209.  La préparation de ceux qui ont déjà formalisé les fiançailles, lorsque la communauté paroissiale parvient à les accompagner suffisamment à l’avance, doit aussi leur donner la possibilité de reconnaître des incompatibilités ou des risques. De cette manière, on peut arriver à se rendre compte qu’il n’est pas raisonnable de miser sur cette relation, pour ne pas s’exposer à un échec prévisible qui aura des conséquences très douloureuses. Le problème, c’est que l’enchantement du début amène à tenter d’occulter ou de relativiser beaucoup de choses ; on évite d’exprimer les désaccords, et ainsi les difficultés ne font que s’accumuler pour plus tard. Les fiancés devraient être encouragés et aidés à pouvoir parler de ce que chacun attend d’un éventuel mariage, de sa conception de l’amour et de l’engagement, de ce qu’il désire de l’autre, du type de vie en commun qu’il voudrait projeter. Ces conversations peuvent aider à voir qu’en réalité il y a peu de points communs, et que la pure attraction mutuelle ne sera pas suffisante pour soutenir l’union. Rien n’est plus volatile, plus précaire et plus imprévisible que le désir, et il ne faut jamais encourager la décision de contracter le mariage si d’autres motivations n’ont pas pris racine pour donner à cet engagement des possibilités réelles de stabilité.

210. En tout cas, si les points faibles de l’autre sont reconnus clairement, il faut une confiance réaliste dans la possibilité de l’aider à développer le meilleur de sa personne pour contrebalancer le poids de ses fragilités, avec le ferme objectif de le promouvoir comme être humain. Cela implique d’accepter avec une volonté solide la possibilité d’affronter certains renoncements, des moments difficiles et des situations conflictuelles, ainsi que la décision ferme de s’y préparer. On doit pouvoir détecter les signes de danger pouvant affecter la relation, pour trouver avant le mariage des ressources qui permettront de les affronter avec succès. Malheureusement, beaucoup arrivent au mariage sans se connaître. Ils se sont uniquement distraits ensemble, ils ont fait des expériences ensemble, mais n’ont pas affronté le défi de se révéler l’un à l’autre et d’apprendre qui est en réalité l’autre.

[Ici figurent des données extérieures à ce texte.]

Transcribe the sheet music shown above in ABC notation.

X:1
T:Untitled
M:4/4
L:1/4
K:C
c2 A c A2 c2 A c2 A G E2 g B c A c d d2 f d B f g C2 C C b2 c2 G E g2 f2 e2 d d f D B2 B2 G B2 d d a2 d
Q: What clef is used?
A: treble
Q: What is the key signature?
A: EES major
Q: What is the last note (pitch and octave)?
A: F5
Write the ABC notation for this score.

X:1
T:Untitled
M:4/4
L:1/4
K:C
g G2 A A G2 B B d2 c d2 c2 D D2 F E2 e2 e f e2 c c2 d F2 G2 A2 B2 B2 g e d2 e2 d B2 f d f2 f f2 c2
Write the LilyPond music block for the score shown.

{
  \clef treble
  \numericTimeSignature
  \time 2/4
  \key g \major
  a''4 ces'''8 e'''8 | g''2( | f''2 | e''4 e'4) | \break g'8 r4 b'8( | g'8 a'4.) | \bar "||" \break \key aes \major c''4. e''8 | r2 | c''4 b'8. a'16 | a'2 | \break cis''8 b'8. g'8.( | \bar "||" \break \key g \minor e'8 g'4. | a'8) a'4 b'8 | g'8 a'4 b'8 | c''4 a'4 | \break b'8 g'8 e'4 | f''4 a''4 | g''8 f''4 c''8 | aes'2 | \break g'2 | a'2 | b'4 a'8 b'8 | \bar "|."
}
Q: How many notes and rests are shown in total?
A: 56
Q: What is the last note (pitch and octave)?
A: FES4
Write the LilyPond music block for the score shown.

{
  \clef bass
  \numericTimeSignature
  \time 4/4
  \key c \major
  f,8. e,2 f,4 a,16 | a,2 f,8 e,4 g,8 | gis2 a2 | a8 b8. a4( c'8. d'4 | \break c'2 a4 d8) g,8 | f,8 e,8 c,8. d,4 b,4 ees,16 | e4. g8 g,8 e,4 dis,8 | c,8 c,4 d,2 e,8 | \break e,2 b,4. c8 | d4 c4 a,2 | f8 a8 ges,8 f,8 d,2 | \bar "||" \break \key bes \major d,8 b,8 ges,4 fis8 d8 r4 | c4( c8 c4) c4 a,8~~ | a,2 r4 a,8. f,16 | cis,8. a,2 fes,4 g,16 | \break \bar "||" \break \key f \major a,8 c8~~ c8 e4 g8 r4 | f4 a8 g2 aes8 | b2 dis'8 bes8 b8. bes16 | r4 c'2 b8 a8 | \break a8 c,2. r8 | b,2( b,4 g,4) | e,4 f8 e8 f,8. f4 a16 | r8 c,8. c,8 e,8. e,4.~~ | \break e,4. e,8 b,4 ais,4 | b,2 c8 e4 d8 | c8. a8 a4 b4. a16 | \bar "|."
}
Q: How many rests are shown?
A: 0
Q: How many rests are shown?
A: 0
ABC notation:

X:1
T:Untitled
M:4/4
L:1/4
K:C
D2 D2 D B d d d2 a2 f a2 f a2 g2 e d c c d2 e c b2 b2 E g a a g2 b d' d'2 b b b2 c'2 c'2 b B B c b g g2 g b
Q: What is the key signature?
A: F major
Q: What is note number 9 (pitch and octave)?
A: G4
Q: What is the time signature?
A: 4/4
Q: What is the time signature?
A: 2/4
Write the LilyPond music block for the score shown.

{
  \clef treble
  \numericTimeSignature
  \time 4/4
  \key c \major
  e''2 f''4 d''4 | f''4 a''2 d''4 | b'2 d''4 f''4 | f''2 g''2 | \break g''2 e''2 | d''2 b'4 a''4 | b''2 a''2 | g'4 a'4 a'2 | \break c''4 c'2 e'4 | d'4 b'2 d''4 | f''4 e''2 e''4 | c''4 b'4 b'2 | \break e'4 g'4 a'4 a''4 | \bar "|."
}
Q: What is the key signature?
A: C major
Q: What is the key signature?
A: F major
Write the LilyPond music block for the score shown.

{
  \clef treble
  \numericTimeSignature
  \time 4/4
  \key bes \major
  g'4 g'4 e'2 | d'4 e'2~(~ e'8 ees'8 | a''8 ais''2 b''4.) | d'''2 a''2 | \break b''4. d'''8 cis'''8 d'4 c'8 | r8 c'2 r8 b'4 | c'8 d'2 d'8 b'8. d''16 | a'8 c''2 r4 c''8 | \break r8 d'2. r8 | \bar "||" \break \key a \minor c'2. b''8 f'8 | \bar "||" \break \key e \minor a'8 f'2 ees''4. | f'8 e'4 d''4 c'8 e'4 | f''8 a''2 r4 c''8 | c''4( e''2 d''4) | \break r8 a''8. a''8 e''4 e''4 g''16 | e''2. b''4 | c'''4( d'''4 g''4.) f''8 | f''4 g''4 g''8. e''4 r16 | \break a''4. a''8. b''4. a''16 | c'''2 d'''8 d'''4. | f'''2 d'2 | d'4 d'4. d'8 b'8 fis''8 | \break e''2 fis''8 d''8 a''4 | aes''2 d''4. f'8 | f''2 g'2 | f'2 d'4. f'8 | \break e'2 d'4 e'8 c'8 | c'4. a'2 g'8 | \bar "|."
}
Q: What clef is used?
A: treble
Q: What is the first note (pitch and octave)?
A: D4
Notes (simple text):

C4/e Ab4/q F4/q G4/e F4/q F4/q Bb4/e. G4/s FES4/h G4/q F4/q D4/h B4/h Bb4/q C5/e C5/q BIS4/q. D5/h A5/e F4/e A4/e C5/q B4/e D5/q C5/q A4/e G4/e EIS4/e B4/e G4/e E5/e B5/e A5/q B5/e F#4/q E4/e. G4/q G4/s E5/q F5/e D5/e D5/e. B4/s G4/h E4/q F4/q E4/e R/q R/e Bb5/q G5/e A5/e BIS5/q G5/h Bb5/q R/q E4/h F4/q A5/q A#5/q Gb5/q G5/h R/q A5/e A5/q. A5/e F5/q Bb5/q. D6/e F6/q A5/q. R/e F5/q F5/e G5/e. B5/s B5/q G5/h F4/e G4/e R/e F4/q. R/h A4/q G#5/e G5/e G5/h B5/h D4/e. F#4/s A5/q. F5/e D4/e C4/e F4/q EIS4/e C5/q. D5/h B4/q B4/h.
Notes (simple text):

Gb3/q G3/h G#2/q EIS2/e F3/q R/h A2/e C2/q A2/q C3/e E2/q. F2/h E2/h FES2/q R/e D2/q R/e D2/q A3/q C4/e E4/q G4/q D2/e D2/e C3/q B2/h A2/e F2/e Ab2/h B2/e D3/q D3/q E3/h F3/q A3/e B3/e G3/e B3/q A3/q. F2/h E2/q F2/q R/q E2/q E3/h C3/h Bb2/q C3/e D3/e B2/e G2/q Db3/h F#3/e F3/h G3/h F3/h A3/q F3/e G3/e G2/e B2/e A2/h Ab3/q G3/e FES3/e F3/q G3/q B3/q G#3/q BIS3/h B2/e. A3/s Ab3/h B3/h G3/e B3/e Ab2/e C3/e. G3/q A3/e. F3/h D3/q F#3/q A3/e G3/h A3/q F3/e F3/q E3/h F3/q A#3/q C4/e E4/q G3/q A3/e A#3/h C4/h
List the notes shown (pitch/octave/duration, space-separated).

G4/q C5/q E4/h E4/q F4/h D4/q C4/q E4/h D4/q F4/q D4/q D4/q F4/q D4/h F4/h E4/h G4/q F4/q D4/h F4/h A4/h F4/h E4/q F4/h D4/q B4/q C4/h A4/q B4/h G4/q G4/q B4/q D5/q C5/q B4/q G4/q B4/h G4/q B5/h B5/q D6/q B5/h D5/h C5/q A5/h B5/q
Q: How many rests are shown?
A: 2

211. Aussi bien la préparation immédiate que l’accompagnement plus prolongé doivent assurer que les fiancés ne voient pas le mariage comme la fin du parcours, mais qu’ils assument le mariage comme une vocation qui les lance vers l’avant, avec la décision ferme et réaliste de traverser ensemble toutes les épreuves et les moments difficiles. La pastorale pré-matrimoniale et la pastorale matrimoniale doivent être avant tout une pastorale du lien, par laquelle sont apportés des éléments qui aident tant à faire mûrir l’amour qu’à surpasser les moments durs. Ces apports ne sont pas uniquement des convictions doctrinales, et ne peuvent même pas être réduits aux précieuses ressources spirituelles que l’Église offre toujours, mais ils doivent aussi être des parcours pratiques, des conseils bien concrets, des tactiques issues de l’expérience, des orientations psychologiques. Tout cela configure une pédagogie de l’amour qui ne peut ignorer la sensibilité actuelle des jeunes, en vue de les motiver intérieurement. En même temps, dans la préparation des fiancés, il doit être possible de leur indiquer des lieux et des personnes, des cabinets ou des familles disponibles, auxquels ils pourront recourir pour chercher de l’aide en cas de difficultés. Mais il ne faut jamais oublier de leur proposer la Réconciliation sacramentelle, qui permet de placer les péchés et les erreurs de la vie passée, et de la relation elle-même, sous l’influence du pardon miséricordieux de Dieu et de sa force qui guérit.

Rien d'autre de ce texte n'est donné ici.